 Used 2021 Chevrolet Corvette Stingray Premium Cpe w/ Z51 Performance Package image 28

...

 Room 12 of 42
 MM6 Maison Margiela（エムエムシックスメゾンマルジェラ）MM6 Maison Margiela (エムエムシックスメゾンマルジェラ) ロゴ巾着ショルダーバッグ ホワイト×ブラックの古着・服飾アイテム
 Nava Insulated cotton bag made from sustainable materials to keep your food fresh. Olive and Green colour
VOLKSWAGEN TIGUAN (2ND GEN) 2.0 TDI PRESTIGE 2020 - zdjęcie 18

### Description of the task
Taking the entries above, restate exactly those lines that fall between the line with "MM6 Maison Margiela（エムエムシックスメゾンマルジェラ）MM6" and the line with "VOLKSWAGEN TIGUAN (2ND", keeping both of those lines too.

### Answer for the task
 MM6 Maison Margiela（エムエムシックスメゾンマルジェラ）MM6 Maison Margiela (エムエムシックスメゾンマルジェラ) ロゴ巾着ショルダーバッグ ホワイト×ブラックの古着・服飾アイテム
 Nava Insulated cotton bag made from sustainable materials to keep your food fresh. Olive and Green colour
VOLKSWAGEN TIGUAN (2ND GEN) 2.0 TDI PRESTIGE 2020 - zdjęcie 18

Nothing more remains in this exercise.